The Birth of Unisex Couture: Rad Hourani
Rad Hourani, who showed on the final day of couture shows in Paris, introduced an androgynous collection suitable for men or women. He talks to Misty White Sidell.
On the last day of Paris’s spring 2013 haute couture presentations, a procession of boys and girls paraded down a narrow runway, swathed in an array of monochromatic, androgynous looks. The show’s boxy shapes, angular faces, and identical black bowl-cut wigs made it nearly impossible to tell the girls from the boys. But that was the point. The show was the work of designer Rad Hourani—the world’s first creator of unisex couture.
Hourani, age 30, is a Paris transplant by way of Montréal. Born in Jordan, his self-taught outlook on fashion is very different from his couture contemporaries—many of which presented sweet confectionary collections these past few days—a stark contrast to Hourani’s simplistic, sometimes even severe look. “Haute couture for me is about luxury and paying respect to all of the workmanship. It’s a respect for a design and luxury and quality, like an homage to art or things that have a value in society,” Hourani told The Daily Beast by phone last week.

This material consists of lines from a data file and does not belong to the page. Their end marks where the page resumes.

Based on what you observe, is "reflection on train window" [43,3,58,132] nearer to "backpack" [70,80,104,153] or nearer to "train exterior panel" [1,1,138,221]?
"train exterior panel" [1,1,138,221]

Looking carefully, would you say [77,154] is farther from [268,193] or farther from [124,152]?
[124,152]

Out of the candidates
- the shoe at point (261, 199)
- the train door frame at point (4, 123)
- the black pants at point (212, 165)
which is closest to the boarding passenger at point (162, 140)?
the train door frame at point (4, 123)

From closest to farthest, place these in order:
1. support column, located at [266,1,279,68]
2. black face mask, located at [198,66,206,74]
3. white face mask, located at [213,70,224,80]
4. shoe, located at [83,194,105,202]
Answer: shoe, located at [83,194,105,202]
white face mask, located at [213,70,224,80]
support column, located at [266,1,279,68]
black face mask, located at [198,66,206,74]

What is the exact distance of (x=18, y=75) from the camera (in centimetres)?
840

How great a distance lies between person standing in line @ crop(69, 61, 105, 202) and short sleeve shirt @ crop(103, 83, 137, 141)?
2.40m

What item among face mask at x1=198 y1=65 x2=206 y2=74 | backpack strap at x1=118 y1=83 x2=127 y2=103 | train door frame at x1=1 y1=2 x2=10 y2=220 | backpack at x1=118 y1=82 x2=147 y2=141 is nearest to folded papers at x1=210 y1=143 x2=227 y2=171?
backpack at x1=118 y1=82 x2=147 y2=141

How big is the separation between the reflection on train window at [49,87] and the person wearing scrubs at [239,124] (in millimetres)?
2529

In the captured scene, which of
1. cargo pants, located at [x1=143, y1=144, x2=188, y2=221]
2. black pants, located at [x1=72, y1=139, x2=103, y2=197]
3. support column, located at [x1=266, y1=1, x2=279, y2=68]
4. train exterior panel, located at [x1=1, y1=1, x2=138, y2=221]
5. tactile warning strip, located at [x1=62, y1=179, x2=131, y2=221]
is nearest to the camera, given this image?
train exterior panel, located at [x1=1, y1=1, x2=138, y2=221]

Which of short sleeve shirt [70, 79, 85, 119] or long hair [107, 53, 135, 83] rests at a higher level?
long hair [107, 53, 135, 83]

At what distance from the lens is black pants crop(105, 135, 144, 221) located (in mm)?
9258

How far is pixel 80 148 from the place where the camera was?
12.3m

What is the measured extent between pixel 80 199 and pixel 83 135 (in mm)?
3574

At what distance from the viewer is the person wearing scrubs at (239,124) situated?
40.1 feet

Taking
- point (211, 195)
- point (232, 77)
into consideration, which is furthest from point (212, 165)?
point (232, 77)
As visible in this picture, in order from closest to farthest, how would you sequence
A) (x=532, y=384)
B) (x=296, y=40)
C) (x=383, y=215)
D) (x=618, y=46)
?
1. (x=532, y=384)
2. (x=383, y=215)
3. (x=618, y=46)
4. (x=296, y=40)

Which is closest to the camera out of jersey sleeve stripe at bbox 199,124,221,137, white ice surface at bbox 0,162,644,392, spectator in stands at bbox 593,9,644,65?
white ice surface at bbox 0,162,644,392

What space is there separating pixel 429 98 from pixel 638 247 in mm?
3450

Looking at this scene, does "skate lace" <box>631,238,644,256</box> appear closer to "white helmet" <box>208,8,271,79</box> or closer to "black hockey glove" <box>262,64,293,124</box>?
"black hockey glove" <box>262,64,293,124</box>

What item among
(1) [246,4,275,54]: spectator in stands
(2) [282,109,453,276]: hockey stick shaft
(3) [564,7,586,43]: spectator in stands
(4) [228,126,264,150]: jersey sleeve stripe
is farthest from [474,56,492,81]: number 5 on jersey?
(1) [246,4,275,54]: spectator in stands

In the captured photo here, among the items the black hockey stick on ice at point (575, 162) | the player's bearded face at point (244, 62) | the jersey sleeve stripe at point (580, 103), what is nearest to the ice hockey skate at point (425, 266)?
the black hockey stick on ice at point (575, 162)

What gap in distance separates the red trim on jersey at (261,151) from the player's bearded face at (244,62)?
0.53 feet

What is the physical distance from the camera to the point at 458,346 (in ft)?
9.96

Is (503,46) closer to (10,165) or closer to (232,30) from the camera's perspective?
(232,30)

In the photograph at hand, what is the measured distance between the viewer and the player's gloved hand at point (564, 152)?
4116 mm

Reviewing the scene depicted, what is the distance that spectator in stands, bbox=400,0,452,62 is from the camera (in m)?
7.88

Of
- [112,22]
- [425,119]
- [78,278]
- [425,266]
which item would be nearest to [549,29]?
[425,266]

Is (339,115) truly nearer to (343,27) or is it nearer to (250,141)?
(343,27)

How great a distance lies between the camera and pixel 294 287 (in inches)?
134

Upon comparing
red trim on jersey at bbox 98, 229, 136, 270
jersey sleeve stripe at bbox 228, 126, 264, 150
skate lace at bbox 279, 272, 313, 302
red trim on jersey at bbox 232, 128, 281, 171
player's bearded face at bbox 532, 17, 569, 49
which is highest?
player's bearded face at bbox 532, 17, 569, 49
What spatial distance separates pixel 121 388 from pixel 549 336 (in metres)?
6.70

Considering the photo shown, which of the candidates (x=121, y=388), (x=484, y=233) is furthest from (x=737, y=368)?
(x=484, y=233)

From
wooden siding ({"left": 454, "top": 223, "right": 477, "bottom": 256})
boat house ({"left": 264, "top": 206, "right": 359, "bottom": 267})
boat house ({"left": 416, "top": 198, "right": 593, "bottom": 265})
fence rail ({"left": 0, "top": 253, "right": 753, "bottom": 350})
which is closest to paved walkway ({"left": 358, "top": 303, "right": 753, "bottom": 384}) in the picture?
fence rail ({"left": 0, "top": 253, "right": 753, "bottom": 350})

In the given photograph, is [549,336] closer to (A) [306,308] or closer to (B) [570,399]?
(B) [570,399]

Hourani, who also designs a unisex ready-to-wear collection called RAD by Rad Hourani, is best known in fashion circles for his neutral outlook on gender. “I don’t understand why a man has certain things he’s allowed to wear and women have skirts, and flower prints and high heels,” he said. “I don’t understand who made these rules.” Instead of attending a typical design school, he learned his craft by trial and error, taking a full year to conceptualize a pattern that would fit both men and women. But his emphasis really lies more in the “grey zone” than alluding to gender role reversal. “I think the aesthetic I’m creating is not a man going to a woman’s wardrobe, or a woman wearing men’s clothes. It’s a completely unisex vision.”

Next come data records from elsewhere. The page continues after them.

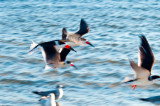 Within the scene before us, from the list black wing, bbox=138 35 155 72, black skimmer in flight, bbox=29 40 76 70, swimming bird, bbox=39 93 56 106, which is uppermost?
black skimmer in flight, bbox=29 40 76 70

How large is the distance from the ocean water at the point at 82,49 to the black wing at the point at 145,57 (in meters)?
0.80

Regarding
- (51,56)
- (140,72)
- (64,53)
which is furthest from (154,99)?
(64,53)

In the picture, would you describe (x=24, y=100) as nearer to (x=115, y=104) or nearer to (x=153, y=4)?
(x=115, y=104)

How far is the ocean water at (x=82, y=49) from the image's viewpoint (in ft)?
28.2

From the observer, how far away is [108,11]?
58.0 feet

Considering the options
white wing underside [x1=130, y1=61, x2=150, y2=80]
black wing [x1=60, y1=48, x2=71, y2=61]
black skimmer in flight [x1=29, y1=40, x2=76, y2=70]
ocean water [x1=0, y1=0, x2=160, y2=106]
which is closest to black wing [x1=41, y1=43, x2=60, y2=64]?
black skimmer in flight [x1=29, y1=40, x2=76, y2=70]

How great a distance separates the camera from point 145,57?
25.8 ft

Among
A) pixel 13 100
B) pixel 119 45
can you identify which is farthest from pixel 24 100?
pixel 119 45

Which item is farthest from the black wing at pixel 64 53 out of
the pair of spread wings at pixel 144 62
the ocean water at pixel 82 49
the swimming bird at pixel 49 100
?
the pair of spread wings at pixel 144 62

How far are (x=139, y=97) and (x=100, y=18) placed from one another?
8.64 metres

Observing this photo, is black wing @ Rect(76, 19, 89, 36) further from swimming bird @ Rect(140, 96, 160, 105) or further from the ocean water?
swimming bird @ Rect(140, 96, 160, 105)

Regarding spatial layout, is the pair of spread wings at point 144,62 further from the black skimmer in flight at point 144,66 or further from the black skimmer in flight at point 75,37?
the black skimmer in flight at point 75,37

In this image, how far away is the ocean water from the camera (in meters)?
8.61

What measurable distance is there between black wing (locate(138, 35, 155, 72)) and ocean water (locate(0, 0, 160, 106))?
31.4 inches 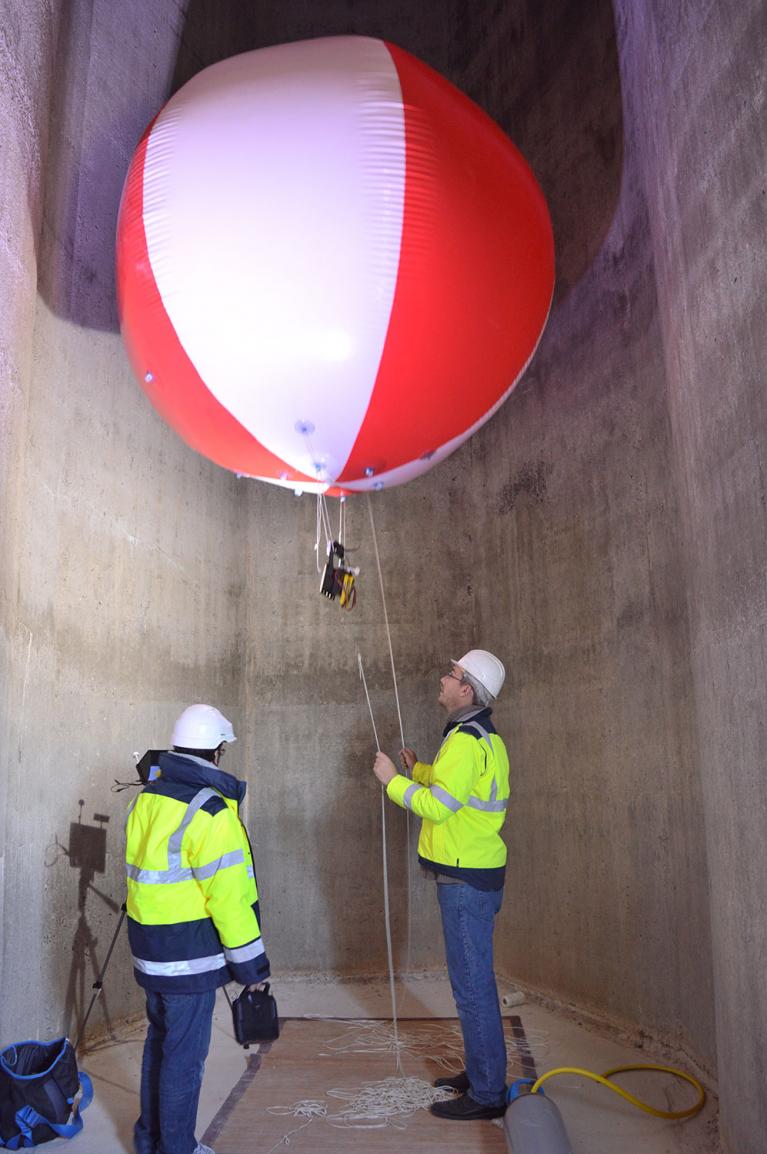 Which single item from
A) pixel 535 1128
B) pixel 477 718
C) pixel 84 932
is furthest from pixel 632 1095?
pixel 84 932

Since launching his collection in 2007, Hourani’s designs have spread to 130 stores in 30 countries. And yes, his clothes are even designed to fit women with womanly assets. “I have many woman clients with large chest sizes,” he attested. His template look, seen on Thursday’s runway, is anchored within a pair of broadly cut shoulders and an angular upper-body that typically pipes down into a slim-cut leg. The results are often cut in black and white with leather accents, and are sometimes topped by sweepingly long, almost clinical-type coats and vests. For his Spring 2013 couture collection, Hourani dressed each model in identical wigs and adorned their feet in a one-gender-fits-all approach to footwear—choosing slightly wedged sandals and elevated block-heeled booties for both boys and girls.

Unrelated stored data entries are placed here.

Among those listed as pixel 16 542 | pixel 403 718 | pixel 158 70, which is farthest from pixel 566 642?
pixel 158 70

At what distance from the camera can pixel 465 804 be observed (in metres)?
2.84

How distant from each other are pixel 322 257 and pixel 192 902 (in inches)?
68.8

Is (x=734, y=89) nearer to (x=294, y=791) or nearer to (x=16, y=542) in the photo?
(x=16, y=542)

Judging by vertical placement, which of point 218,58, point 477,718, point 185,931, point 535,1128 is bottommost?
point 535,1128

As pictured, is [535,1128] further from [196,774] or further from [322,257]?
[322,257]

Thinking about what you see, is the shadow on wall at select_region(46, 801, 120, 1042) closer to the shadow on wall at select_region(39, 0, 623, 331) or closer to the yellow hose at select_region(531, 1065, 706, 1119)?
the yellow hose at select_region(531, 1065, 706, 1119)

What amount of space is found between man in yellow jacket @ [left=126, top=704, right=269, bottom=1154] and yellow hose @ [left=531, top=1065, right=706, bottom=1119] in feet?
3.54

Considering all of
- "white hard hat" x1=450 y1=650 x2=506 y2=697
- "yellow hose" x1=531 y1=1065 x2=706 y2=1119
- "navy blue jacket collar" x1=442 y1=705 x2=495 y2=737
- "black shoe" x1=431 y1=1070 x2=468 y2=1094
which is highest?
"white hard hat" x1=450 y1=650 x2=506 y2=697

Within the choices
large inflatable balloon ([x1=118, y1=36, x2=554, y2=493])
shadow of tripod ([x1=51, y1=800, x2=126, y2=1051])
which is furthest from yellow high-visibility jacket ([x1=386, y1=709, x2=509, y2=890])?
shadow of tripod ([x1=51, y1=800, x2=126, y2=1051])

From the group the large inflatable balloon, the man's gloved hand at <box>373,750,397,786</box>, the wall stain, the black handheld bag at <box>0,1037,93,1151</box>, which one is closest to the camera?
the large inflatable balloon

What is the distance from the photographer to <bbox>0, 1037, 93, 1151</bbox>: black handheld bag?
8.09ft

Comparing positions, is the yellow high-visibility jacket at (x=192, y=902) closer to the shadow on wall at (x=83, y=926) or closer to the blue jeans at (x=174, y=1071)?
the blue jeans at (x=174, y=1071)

However, Thursday wasn’t Hourani’s first time to the couture rodeo—he presented his first couture collection off of the official calendar in July. In France, the world of haute couture is a highly guarded craft that’s overseen by a government-affiliated body, the Chambre Syndicale de la Haute Couture. In July, Hourani’s work had not yet been recognized by the committee, but after receiving a recommendation from Christian Dior’s CEO, Sidney Toledano, he’s is now an officially invited member. That makes Thursday’s show the world’s first unisex couture collection ever shown. “It’s entirely different,” Hourani says of his newly-minted status, “It’s a huge thing for my career, not anyone can just show and say they are couture.”
But more than that, being deemed an official couturier breathes new enthusiasm into Hourani’s unisex vision. “It’s something that’s never been done in high end besides maybe a unisex t-shirt,” he explained. “It’s a language I’m very dedicated to, I think it’s something very important in our society. Unisex isn’t just a garment reference—it implies that age doesn’t exist, religion doest exist, and so on. There are no boundaries.”